Le zona et son traitement

Пример опоясывающего лишая (герпеса)

Le zona est une maladie très commune, mais très spécifique. En soi, il n'est pas transmis, mais est causé par le même virus qui cause la varicelle. On peut dire que l'herpès zoster et la varicelle sont deux phases de la même maladie. Seule la varicelle apparaît au cours de la première infection et le zona, également appelé herpès zoster, survient lors de la rechute ultérieure du virus dans le corps.

Comme les maladies causées par d'autres virus de l'herpès, le zona est caractérisé par une localisation du virus tout au long de la vie. Une fois la varicelle atteinte, le corps acquiert une immunité permanente contre le virus. Cependant, avec un système immunitaire affaibli, une infection latente dans le corps peut à nouveau se faire sentir.

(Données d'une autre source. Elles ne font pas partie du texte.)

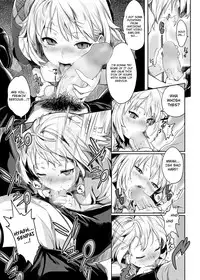 [Kaida Bora] Love Beat (Canopri Comic 2012-03) [English] [4dawgz + FUKE]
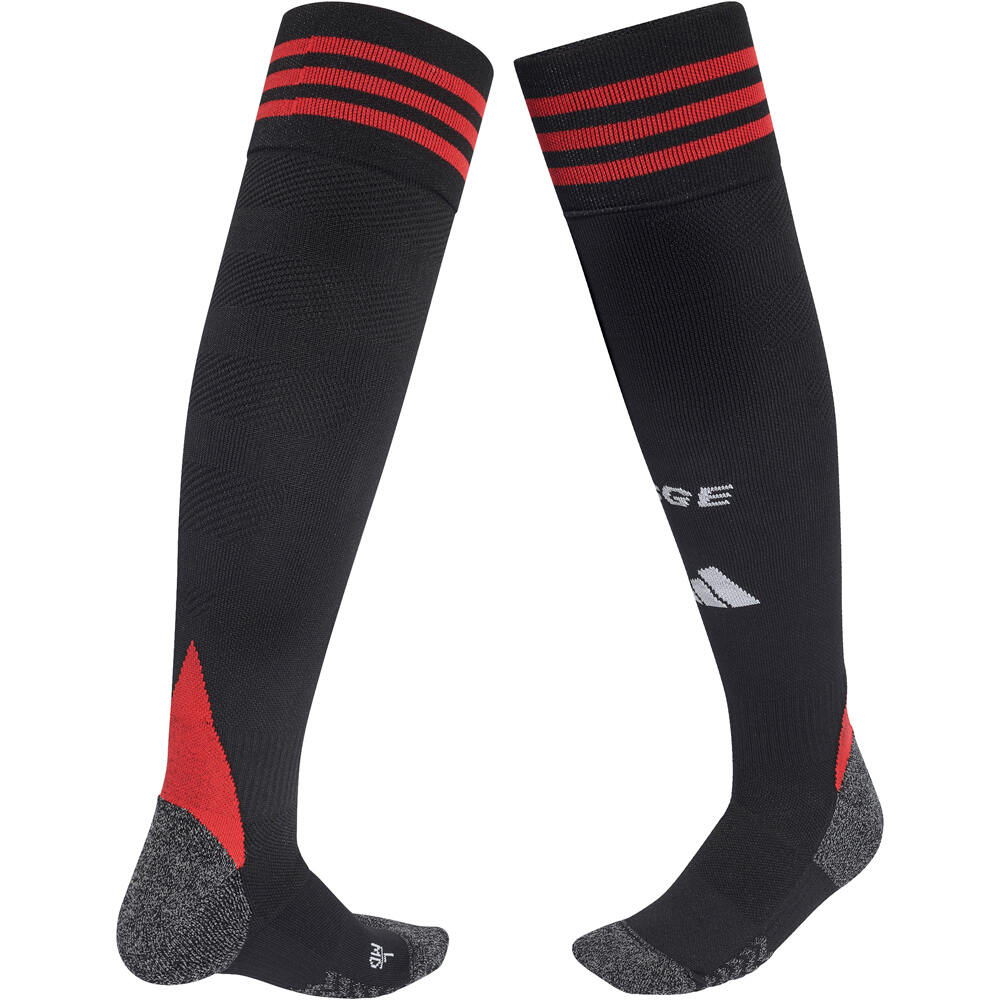 adidas medias futbol EINTRACHT.F 26 H SO vista trasera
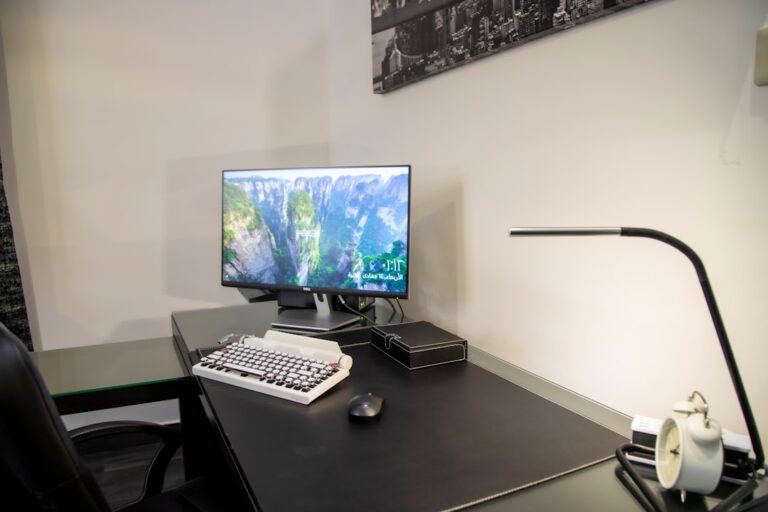 Photo Space-saving furniture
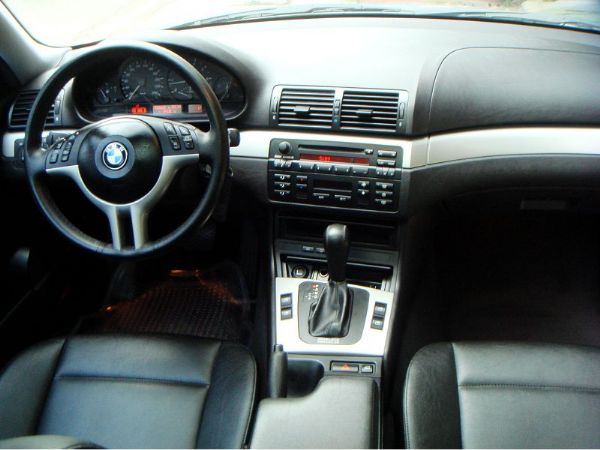 永立汽車 2006年式 BMW 318C 照片2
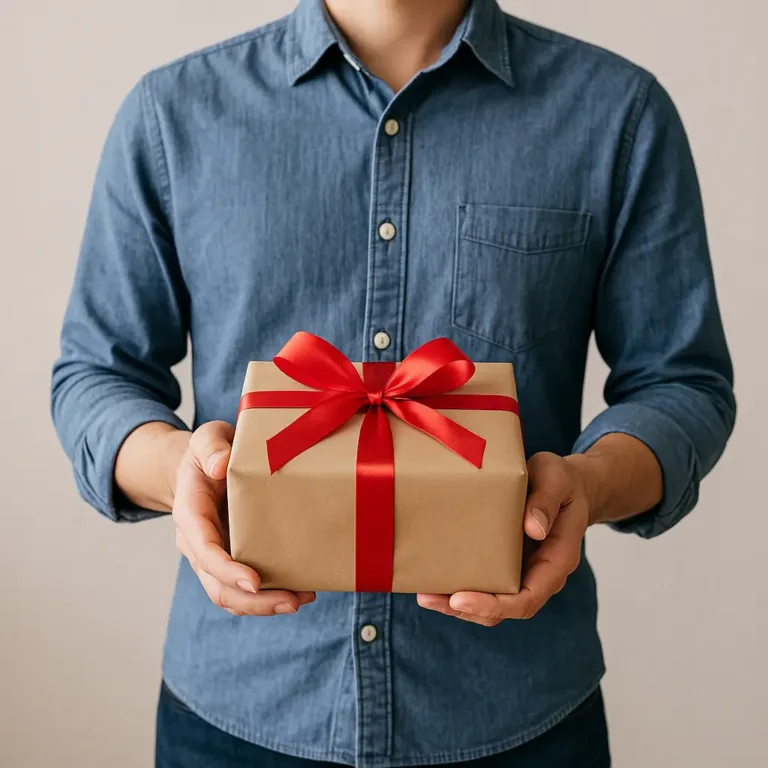 Gadget Gift Ideas for Birthdays and Special Occasions (2025)
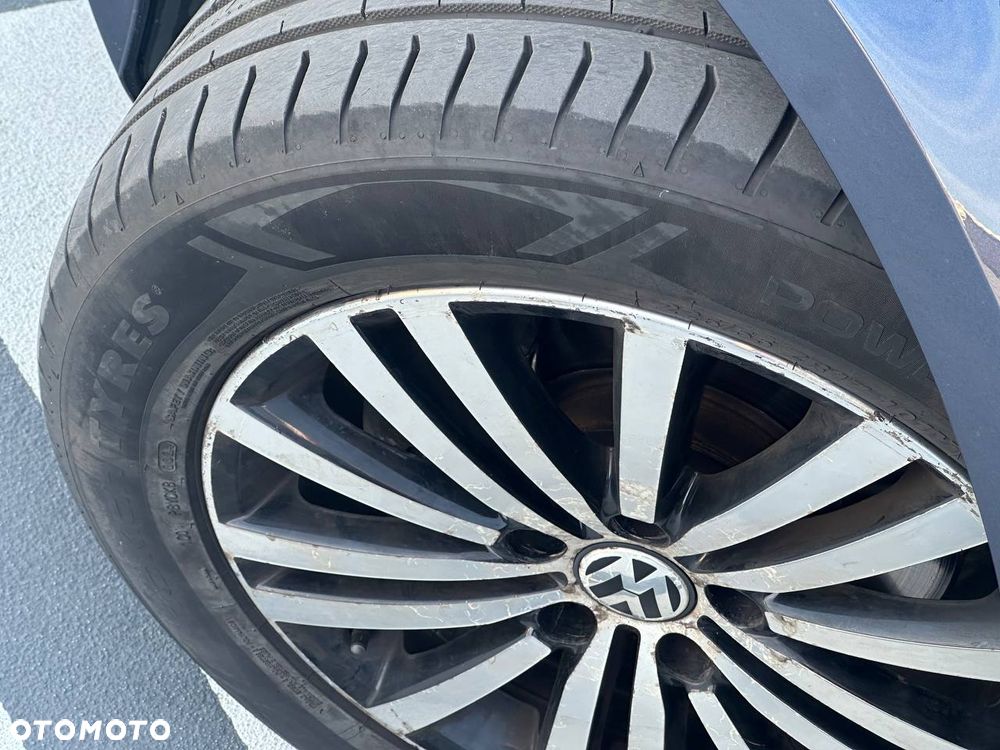 Volkswagen Passat 2.0 TDI DPF DSG 4Motion Comfortline - 26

Pour mieux comprendre cette situation, vous devez mieux connaître l'agent causal du zona.

L'agent causatif du zona


Le virus, en raison de l'activité causant des symptômes du zona, est appelé "varicelle-zona" ou "virus de la varicelle". On l'appelle aussi "herpès zoster" ou "virus de l'herpès de type 3". Il appartient à la famille des herpèsvirus et a beaucoup en commun avec le virus de l’herpès simplex de type 1, qui provoque le rhume sur les lèvres.

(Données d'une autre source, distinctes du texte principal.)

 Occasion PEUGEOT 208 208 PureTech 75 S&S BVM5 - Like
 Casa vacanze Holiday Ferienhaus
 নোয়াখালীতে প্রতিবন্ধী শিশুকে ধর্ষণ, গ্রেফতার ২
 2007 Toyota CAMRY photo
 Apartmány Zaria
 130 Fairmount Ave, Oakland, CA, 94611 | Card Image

La principale caractéristique du virus de la varicelle est sa étonnante virulence (contagion): l’infection se produit dans presque 100% des cas de contact du virus avec un organisme ne possédant pas d’immunité spécifique.

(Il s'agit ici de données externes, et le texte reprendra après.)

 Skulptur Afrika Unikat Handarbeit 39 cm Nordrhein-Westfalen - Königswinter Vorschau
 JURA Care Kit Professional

Dans la grande majorité des cas, le virus de la varicelle pénètre dans le corps humain dès son enfance. À ce stade, il provoque la varicelle, qui est assez facilement tolérée, bien qu’elle provoque de la fièvre, des éruptions cutanées et de la fièvre. Dans les 5 à 10 jours, l'organisme réagit à la maladie et développe une immunité permanente. Après cela, les particules virales ne sont pratiquement plus présentes dans le corps, mais les gènes du virus sont préservés dans les cellules du système nerveux. Dès que le système immunitaire du corps est affaibli pour une raison quelconque, le virus réapparaîtra et commencera une activité active dans le corps. Mais dans ce cas, sa manifestation ne sera pas la varicelle, mais le zona.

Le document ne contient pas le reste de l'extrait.